Michel Aoun urges KSA to explain why Hariri has not returned to Beirut


Agencies November 11, 2017
Saad al-Hariri is seen at the governmental palace in Beirut, Lebanon October 24, 2017. PHOTO: REUTERS

BEIRUT: Lebanon's president has told foreign ambassadors that the country's prime minister Saad al-Hariri, who resigned suddenly last week in Saudi Arabia, has been "kidnapped" and must have immunity, a senior Lebanese official told Reuters on Saturday.

President Michel Aoun has been convening high-level meetings with Lebanese politicians and foreign diplomats since Hariri resigned in a surprise broadcast from Saudi Arabia last week.

Aoun made the remark in a meeting on Friday, the official said.

Meanwhile, he has also urged the KSA to explain why Hariri had not returned to Beirut since his resignation.

"The obscurity surrounding the condition of PM Saad Hariri since his resignation a week ago means that all positions and actions declared by him or attributed to him do not reflect the truth," Aoun added.

"They are instead a result of the ambiguous and obscure conditions (under which) PM Hariri is living in the Kingdom of Saudi Arabia."

Aoun has yet to formally accept Hariri's resignation and has criticised the circumstances surrounding it as "unacceptable".

Lebanese president says PM Hariri has been kidnapped

In his shock announcement, Hariri accused Iran and its Lebanese ally Hezbollah of taking over his country and destabilising the broader region, saying he feared for his life.

His statement prompted fears that Lebanon - dominated by rival camps led by Hariri and Hezbollah - would be caught up in spiralling tensions between Riyadh and Tehran.

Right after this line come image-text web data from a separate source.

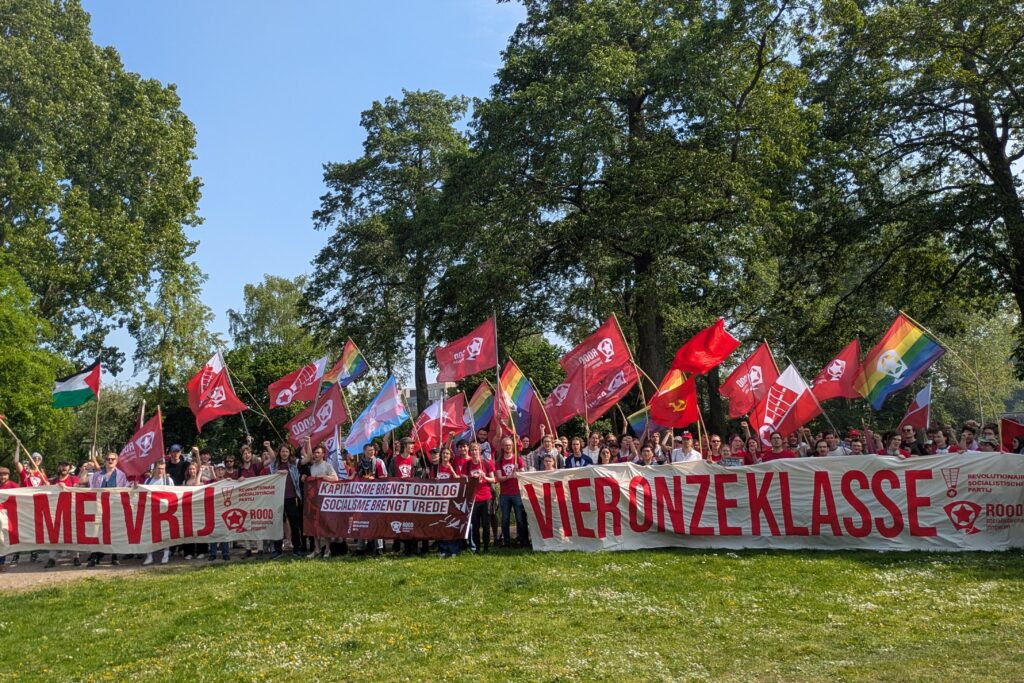 RSP en ROOD op 1 mei
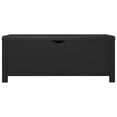 thumbnail image 3 of vidaXL Boîte de Rangement avec Coussin Noir 105x40x45 cm, 3 of 4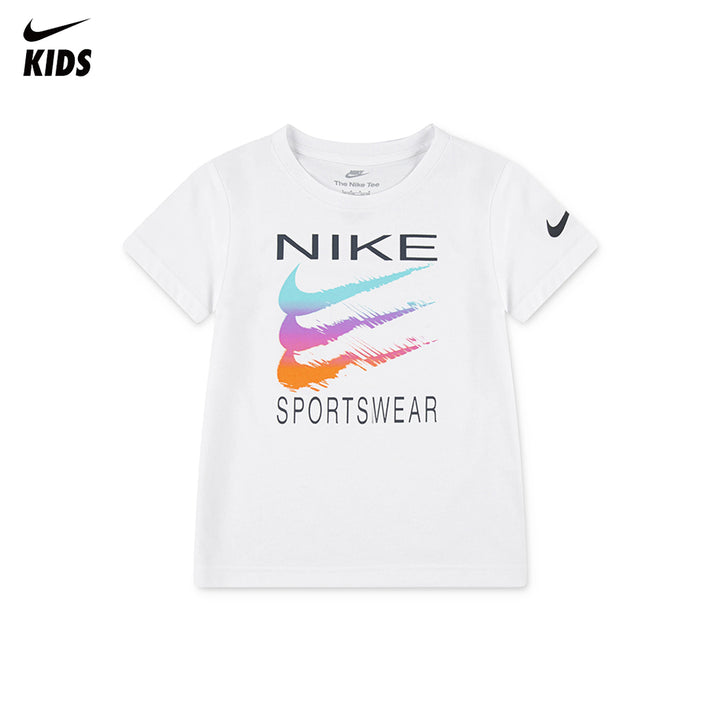 Nike Boys Sportswear Swoosh T-Shirt (Toddler)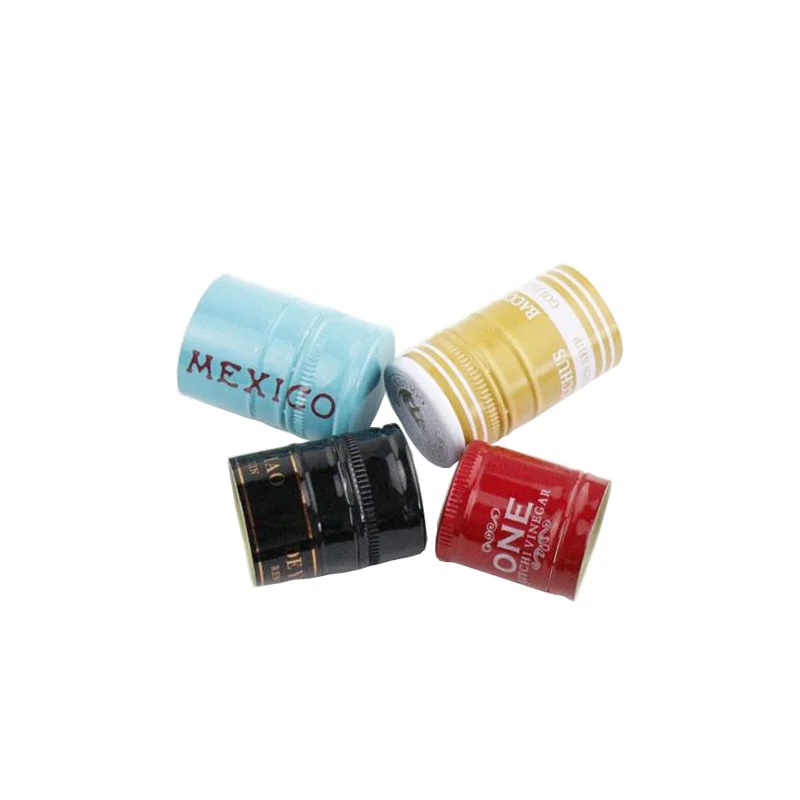 Rum Gin Tequila Spirits Wine Whiskey Bottle Caps 30mm Aluminum Ropp Cap
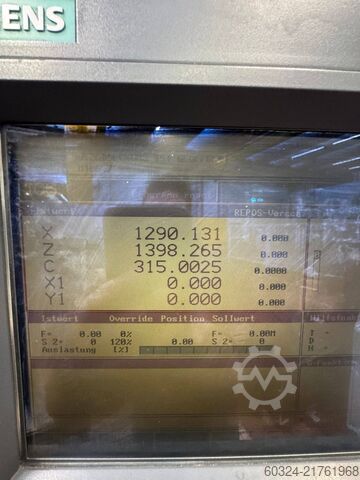 CNC - Karusseldrehmaschine TOS HULIN SKA 12 CNC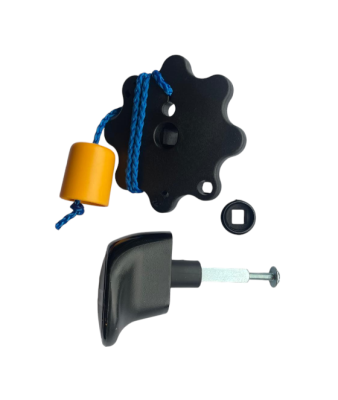 Buiten-Binnenvergrendeling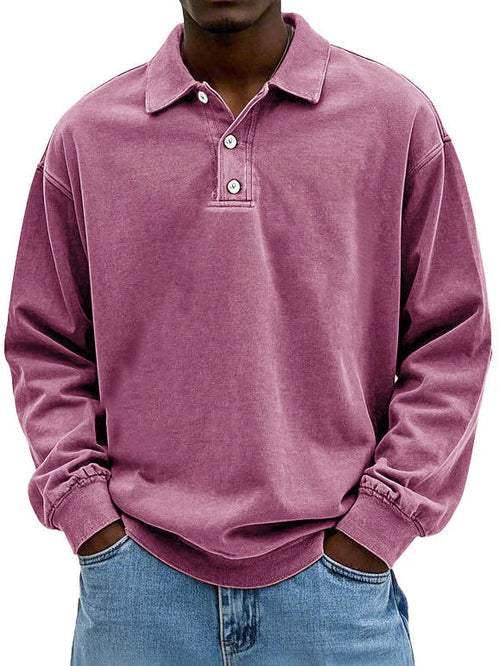 Polo Homme Chic - Chemise Classique Confortable au Style Actuel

"The head of the Lebanese government is detained in Saudi Arabia, he is banned from returning to Lebanon until now," Hezbollah chief Hassan Nasrallah said in a televised address Friday.

Members of Hariri's own Al-Moustaqbal (Future) party said they had no information on his fate.

And Lebanese Foreign Minister Gebran Bassil announced on Friday that he was launching a "diplomatic campaign to bring back the head of our government of his own free will".

Even world powers have appealed for calm and freedom of movement for Hariri.

US Secretary of State Rex Tillerson on Friday described Hariri as "a strong partner" and warned against "any party, within or outside Lebanon, using Lebanon as a venue for proxy conflicts or in any manner contributing to instability in that country".

On Friday, a spokesperson for France's foreign ministry said: "We wish Mr Saad Hariri to have all his freedom of movement and to be fully able to play the essential role that is his in Lebanon."